This strategy won’t fly…
Summary: The EFF proposes limiting the number of software patents by making them more like copyrights, but that is not the right solution
THE EFF, whose work we respect and appreciate, recently promised to crack down on software patents, but its strategy seems a tad misguided again (like the patent-busting initiative). The EFF wants software patents to include working code, as one article puts it and here are several more articles:
Reform may be on the horizon for software patents in the United States as lobby groups seek to tighten up the criteria for successful applications.
Software patents are aimed at promoting research and development, but the process of registering and protecting patents have become embroiled in controversy over the last decade.

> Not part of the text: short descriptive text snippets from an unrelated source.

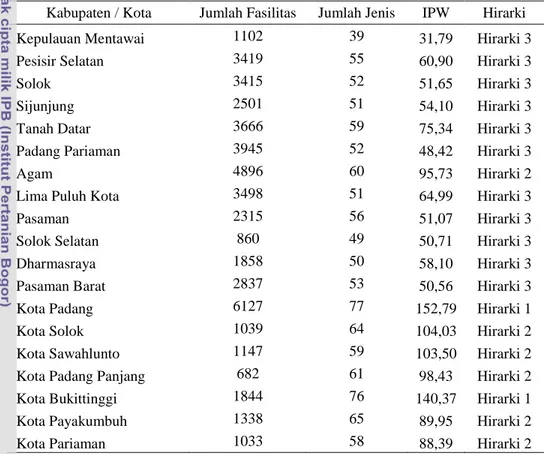 Tabel 26. Indeks Perkembangan Wilayah Provinsi Sumatera Barat  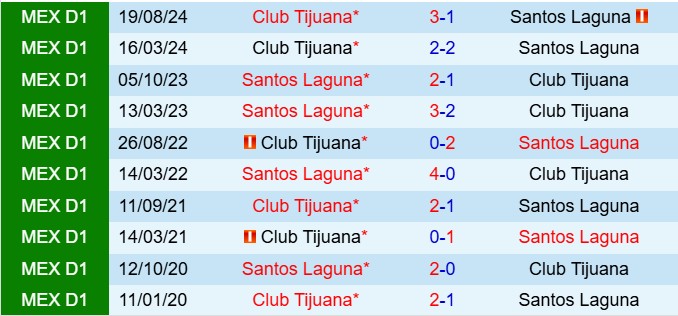 Nhận định Santos Laguna vs Tijuana 6h00 ngày 214 (VĐQG Mexico 202425) 1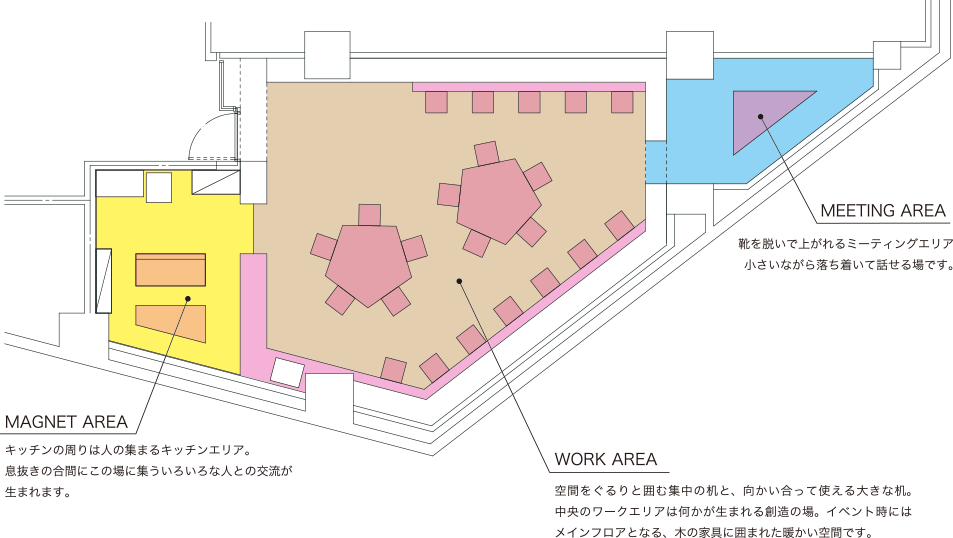 6/30まで引き続きドロップイン・新規入会受け入れを見合わせ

At the heart of the matter are so-called “patent trolls” that do not create products or services, but claim to own the right to the intellectual property behind them in order to sue companies for millions of dollars or force them to take up licensing and royalty deals.

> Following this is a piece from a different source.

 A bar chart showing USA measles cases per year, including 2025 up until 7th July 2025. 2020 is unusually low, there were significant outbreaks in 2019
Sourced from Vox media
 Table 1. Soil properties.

The idea seems to come only from Julie Samuels (not to be confused with Samuelson [1, 2, 3, 4]), whose idea we criticised last week. Her Twitter account describes her as “Staff Attorney and Mark Cuban Chair to Eliminate Stupid Patents” (not software patents).
This is what one gets when the front against software patents is made up of “legal” folks including notable law professors (i.e. glorified lawyers), whose plan is to tame software patents rather than just eliminate them all in one fell swoop. Richard Stallman suggested making existing patents as such un-weaponised, i.e. patents the holder simply cannot sue with, meaning that it’s about dissemination of ideas, credit, attribution, respect, etc.